## DATASET RECORDS
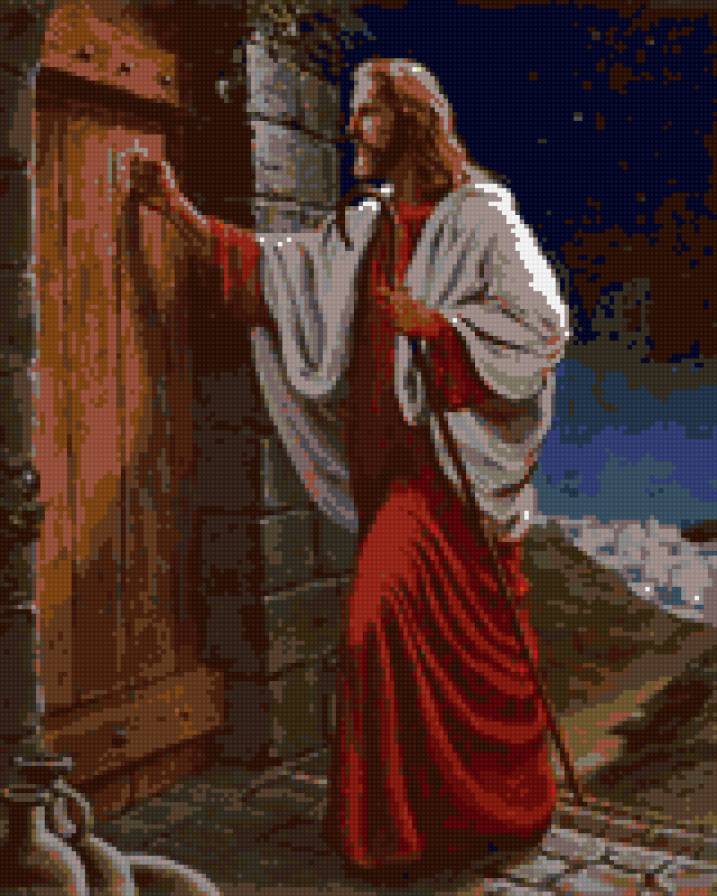 №109403 - исус чука на вратата - предпросмотр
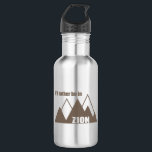 Ik ben liever in Zion National Park Utah Mountain Waterfles<br><div class="desc">Zion National Park in het zuiden van Utah is een van de mooiste parken van het Amerikaanse systeem.</div>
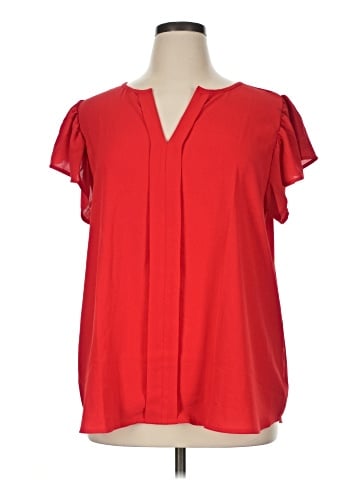 Perch by Blu Pepper Short Sleeve Blouse (view 1)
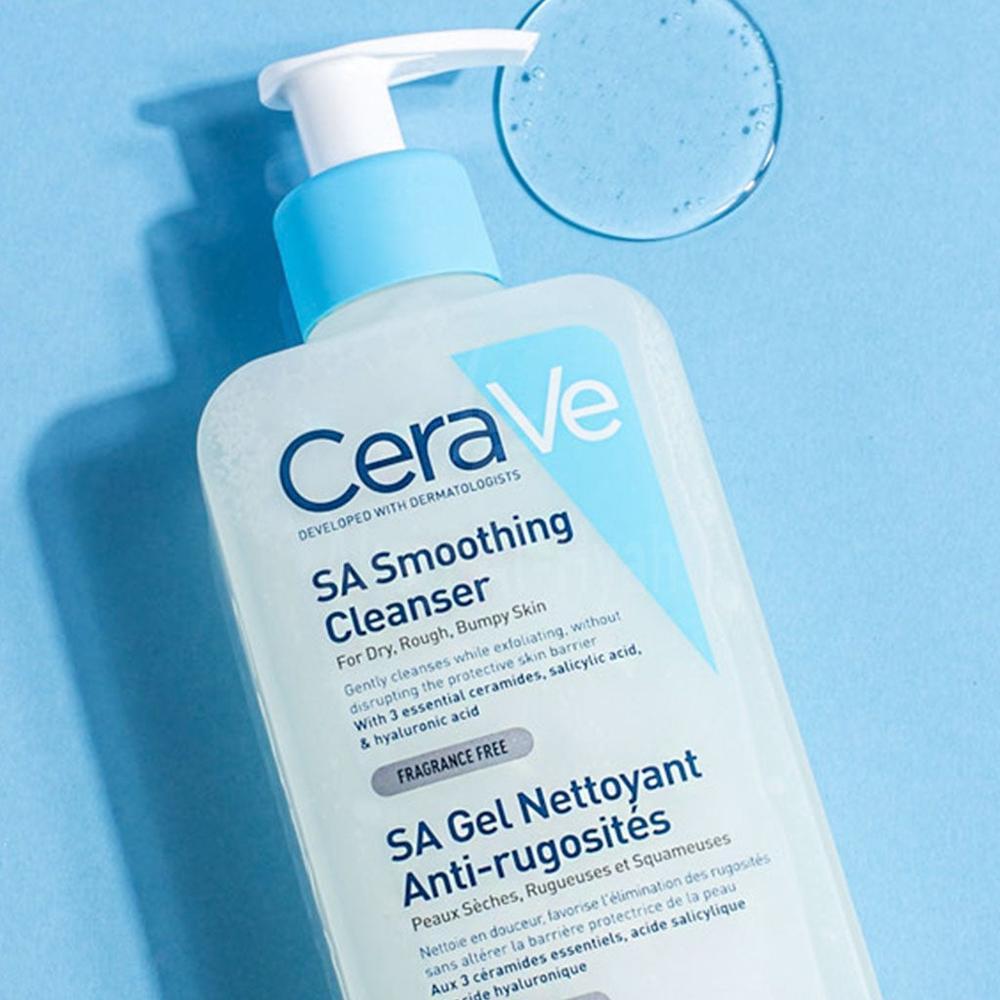 CERAVE SA SMOOTH CLEANSER DRY ROUGH 236ML#FM26352 4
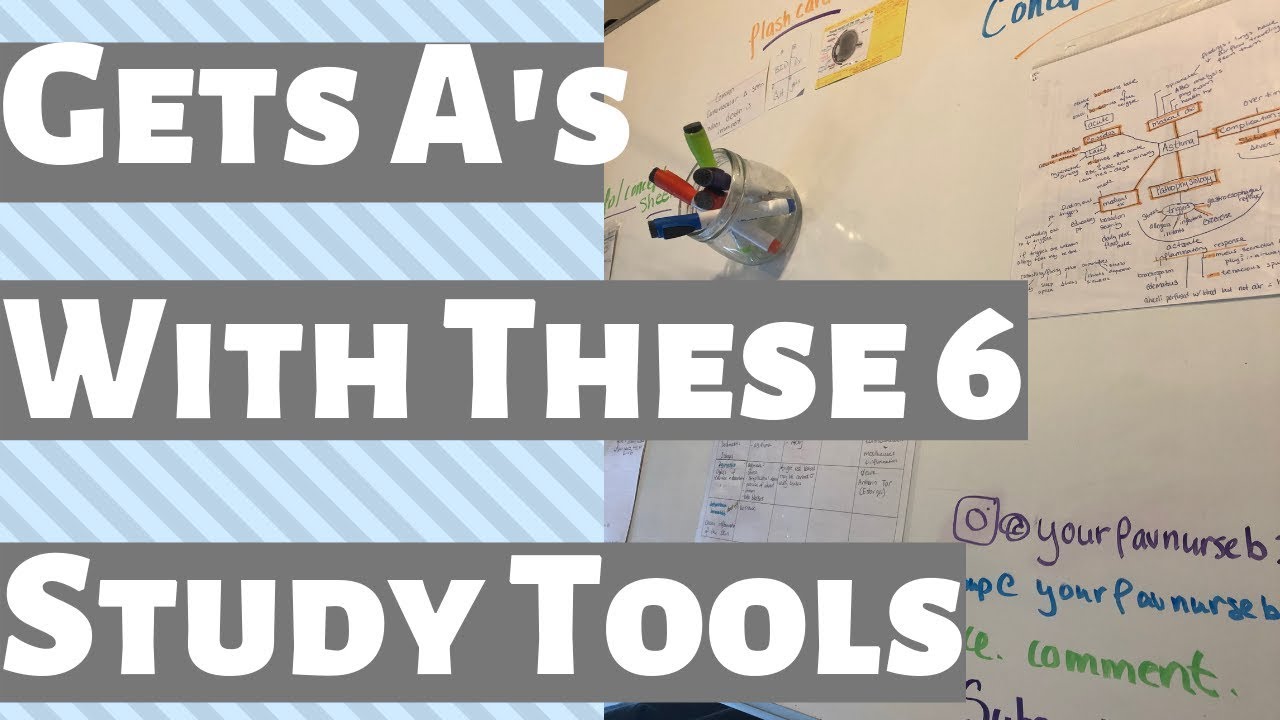 6 Study Tools That Got Me All A's In Nursing School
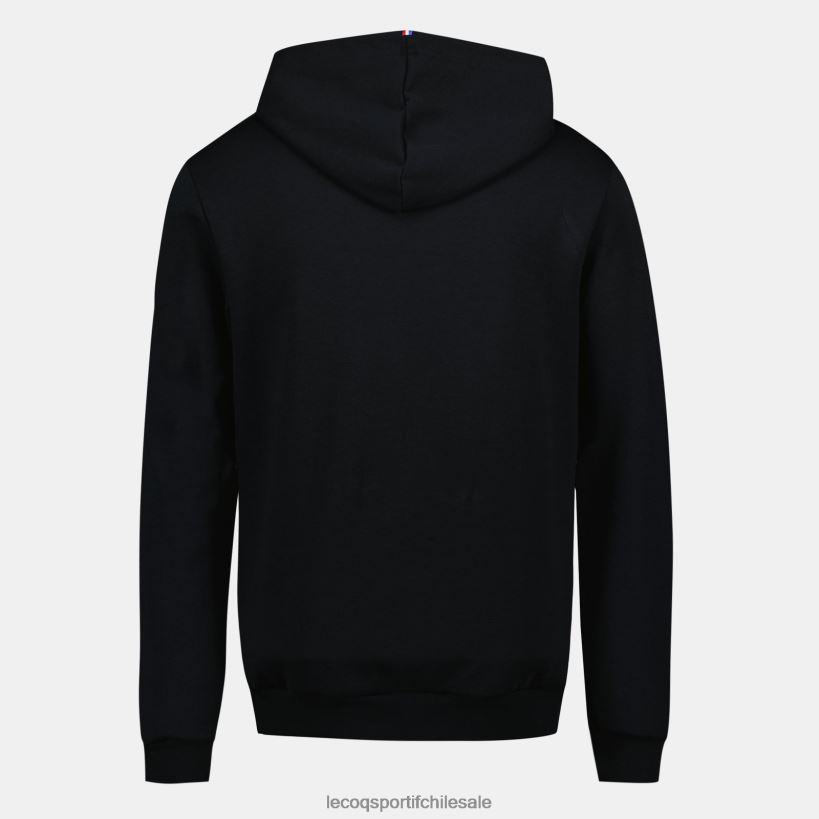 hombres sudadera con capucha negra T24B215 Le Coq Sportif ropa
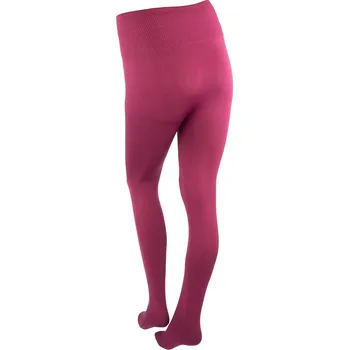 Dámské legíny GREENICE Dámské bezešvé termopunčocháče s vysokým pasem JMK005B Barva: Červená, Velikost: L/XL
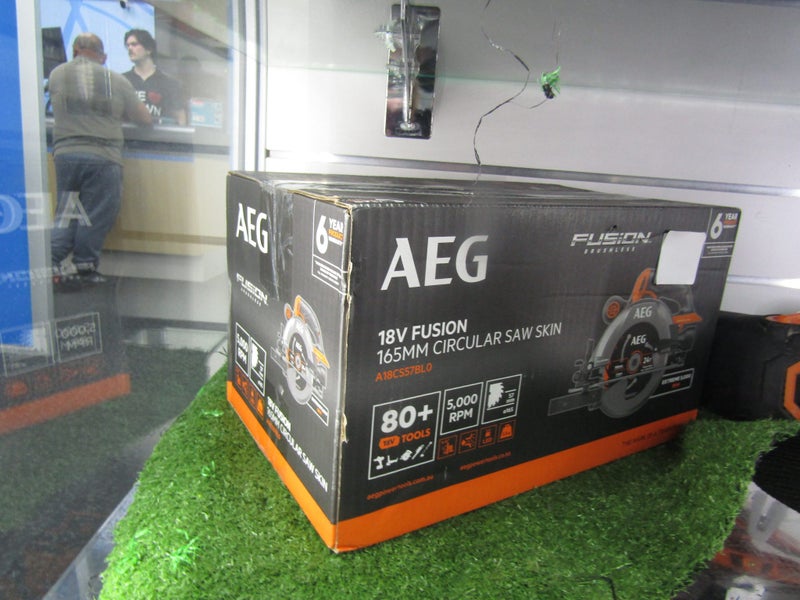 CIRCULAR SAW AEG A18CS57BL - 18V 165MM SKIN ONLY 2024 B16136123-1 Carousel 2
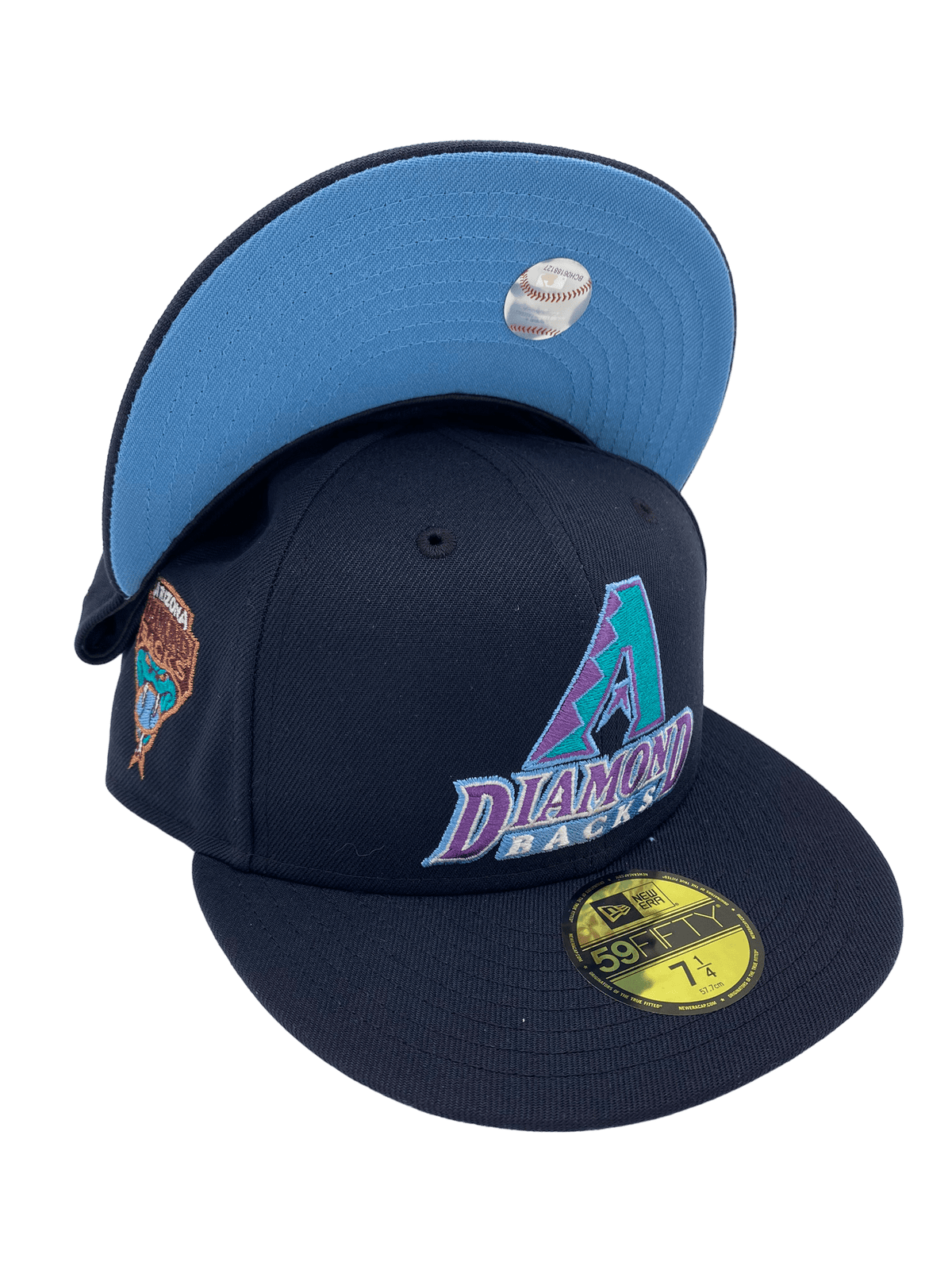 Arizona Diamondbacks New Era Blue JS Custom Side Patch 59FIFTY Fitted Hat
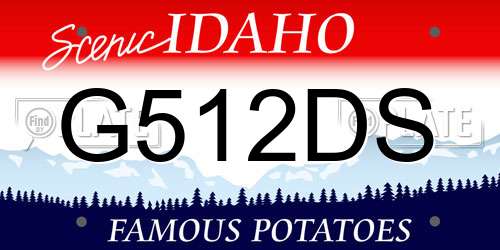 G512DS Idaho License Plate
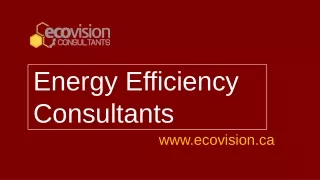 Energy Efficiency Consultants - ecovision.ca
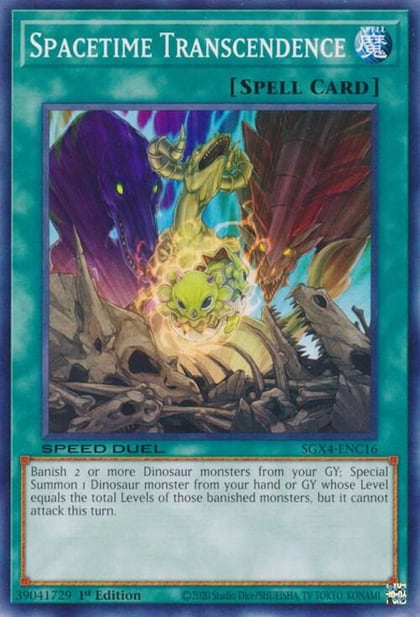 Spacetime Transcendence, Speed Duel GX: Midterm Destruction SGX4-ENC16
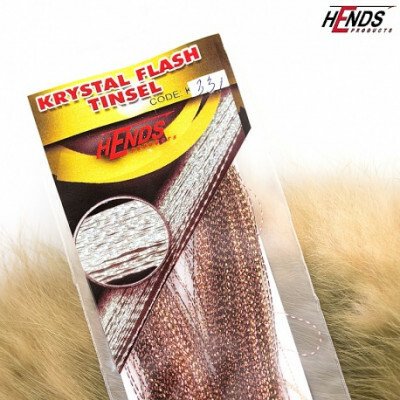 Hends HE KRYSTAL FLASH TINSEL - HNĚDÁ - TM. ZLATÁ - RŮŽOVÁ – Hledejceny.cz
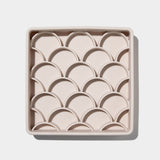 Official brand photo: 3-in-1 Fish Scale Slow Feeder Bowl | Sand, view 3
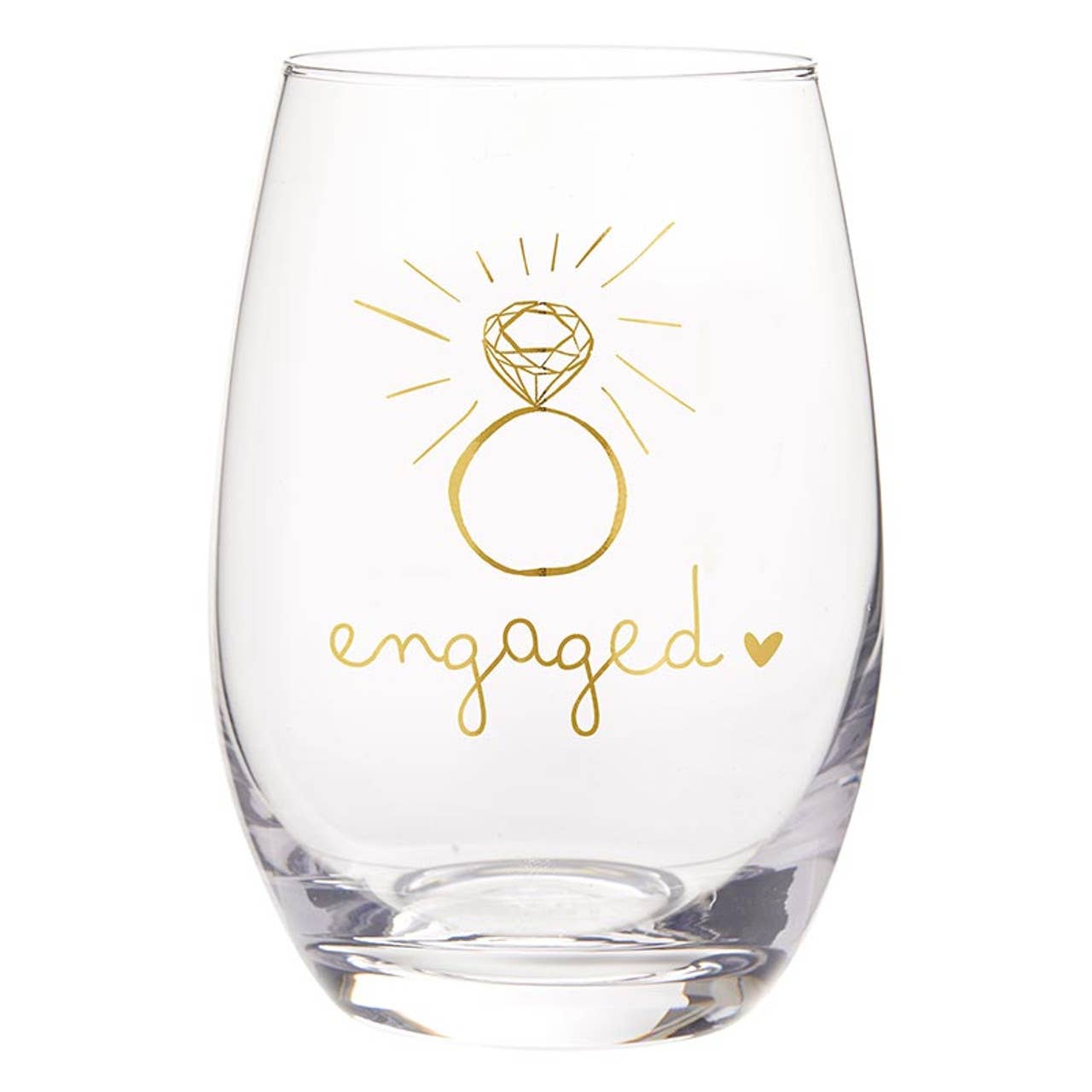 Stemless Wine Glass - Engaged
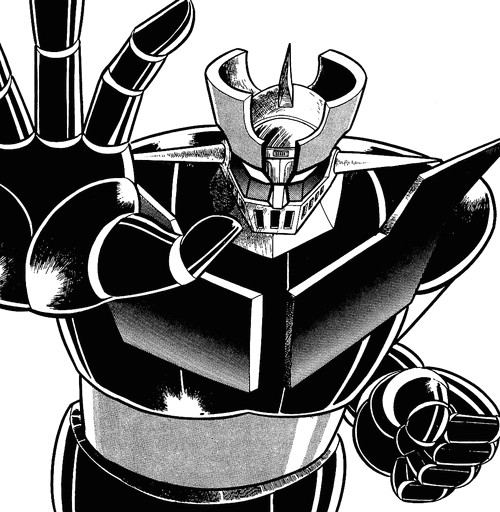 mazinger z can become either a god or a devil with whoever is piloting the pilder acting as the brain which intern acts as the mechs kokoro which is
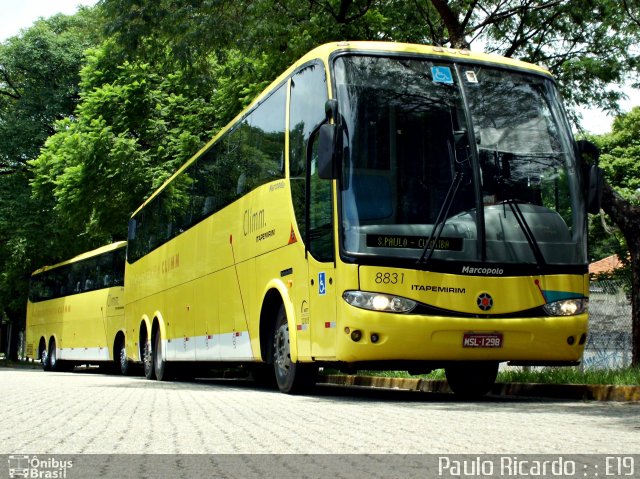 Viação Itapemirim 8831 na cidade de São Paulo, São Paulo, Brasil, por Paulo Ricardo. Número da foto: #1529411.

## YOUR GOAL
Write out, word for word, the lines from the first line of the entries through the one containing "CIRCULAR SAW AEG", both included. Leave out the pictures.

## RESULT
 №109403 - исус чука на вратата - предпросмотр
 Ik ben liever in Zion National Park Utah Mountain Waterfles<br><div class="desc">Zion National Park in het zuiden van Utah is een van de mooiste parken van het Amerikaanse systeem.</div>
 Perch by Blu Pepper Short Sleeve Blouse (view 1)
 CERAVE SA SMOOTH CLEANSER DRY ROUGH 236ML#FM26352 4
 6 Study Tools That Got Me All A's In Nursing School
 hombres sudadera con capucha negra T24B215 Le Coq Sportif ropa
 Dámské legíny GREENICE Dámské bezešvé termopunčocháče s vysokým pasem JMK005B Barva: Červená, Velikost: L/XL
 CIRCULAR SAW AEG A18CS57BL - 18V 165MM SKIN ONLY 2024 B16136123-1 Carousel 2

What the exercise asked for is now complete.